Start of Data section

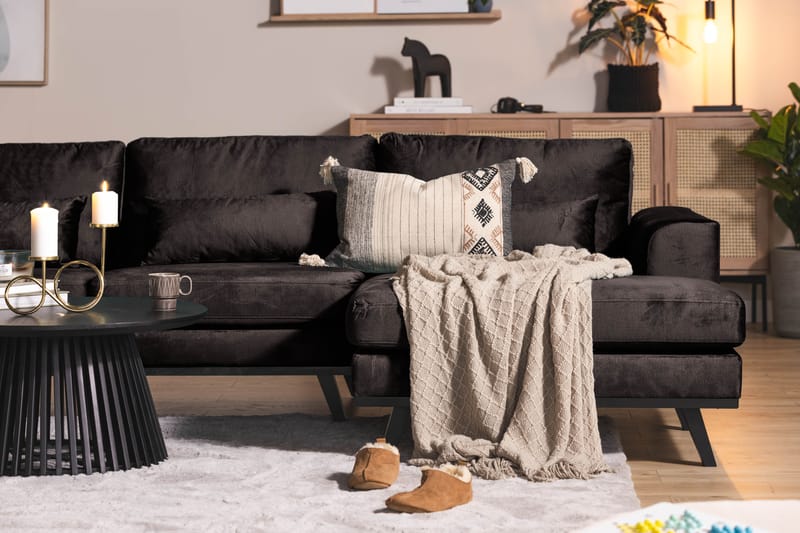 Copenhagen Stor U Soffa Sammet med Divan och Schäslong Vänster - Grå - Möbler - Soffa - U-soffa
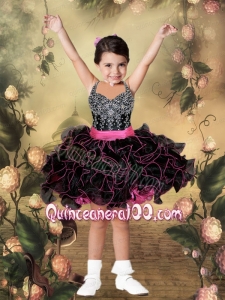 Popular Pink and Black Halter Sashes and Ruffles Little Girl Dress for 2014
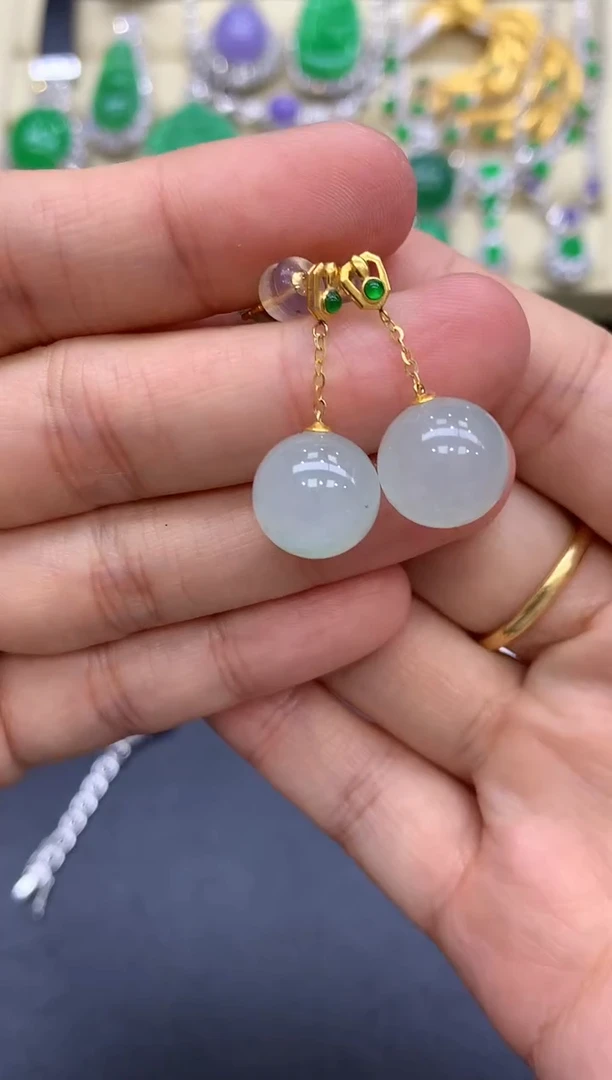 18K金镶嵌翡翠耳饰209-中国好珍宝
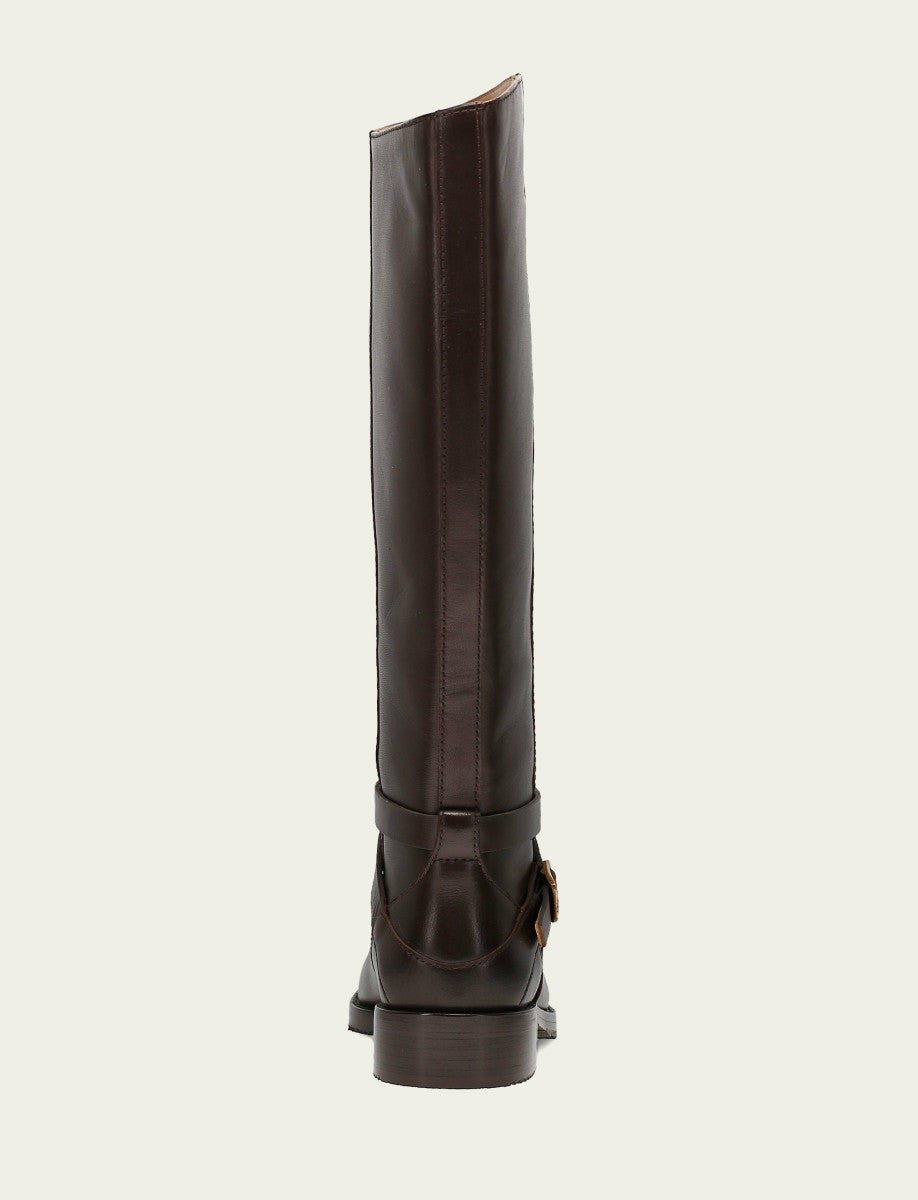 FRYE Women's Dark Brown Melissa Belted Riding Wide Calf Boot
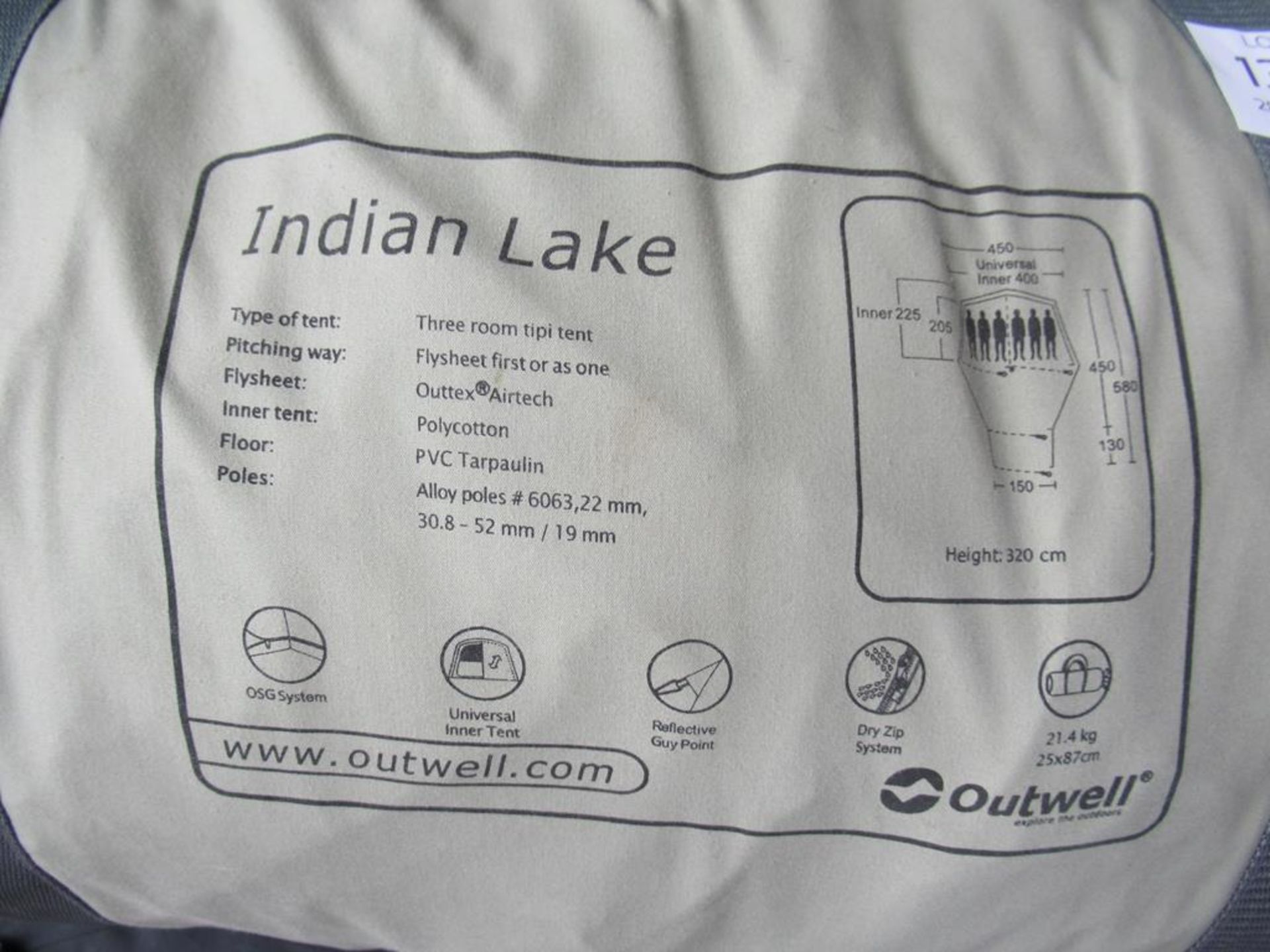 Outwell Indian Lake six-man three room tipi tent - Image 2 of 8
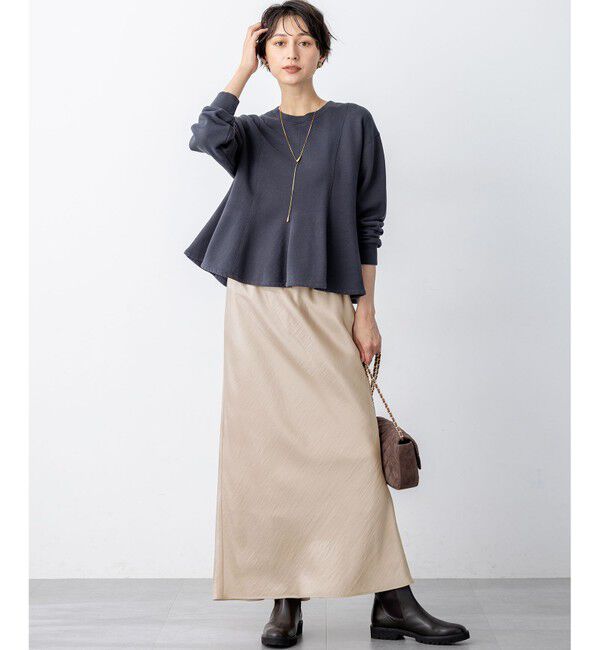 23区「【洗える】テクスチャーサテン ナロー スカート」|スカート|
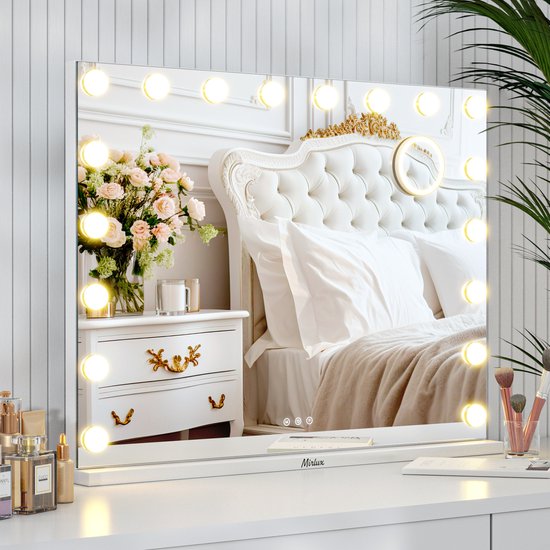 Mirlux Large Hollywood Mirror 80x60CM - LED-Beleuchtung - USB & USB-C Ladeanschlüsse - Make Up - Weiß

End of Data section

Exercise goal
Restate every line of the listing exactly. Pictures are not part of the copy.

Task output
 Copenhagen Stor U Soffa Sammet med Divan och Schäslong Vänster - Grå - Möbler - Soffa - U-soffa
 Popular Pink and Black Halter Sashes and Ruffles Little Girl Dress for 2014
 18K金镶嵌翡翠耳饰209-中国好珍宝
 FRYE Women's Dark Brown Melissa Belted Riding Wide Calf Boot
 Outwell Indian Lake six-man three room tipi tent - Image 2 of 8
 23区「【洗える】テクスチャーサテン ナロー スカート」|スカート|
 Mirlux Large Hollywood Mirror 80x60CM - LED-Beleuchtung - USB & USB-C Ladeanschlüsse - Make Up - Weiß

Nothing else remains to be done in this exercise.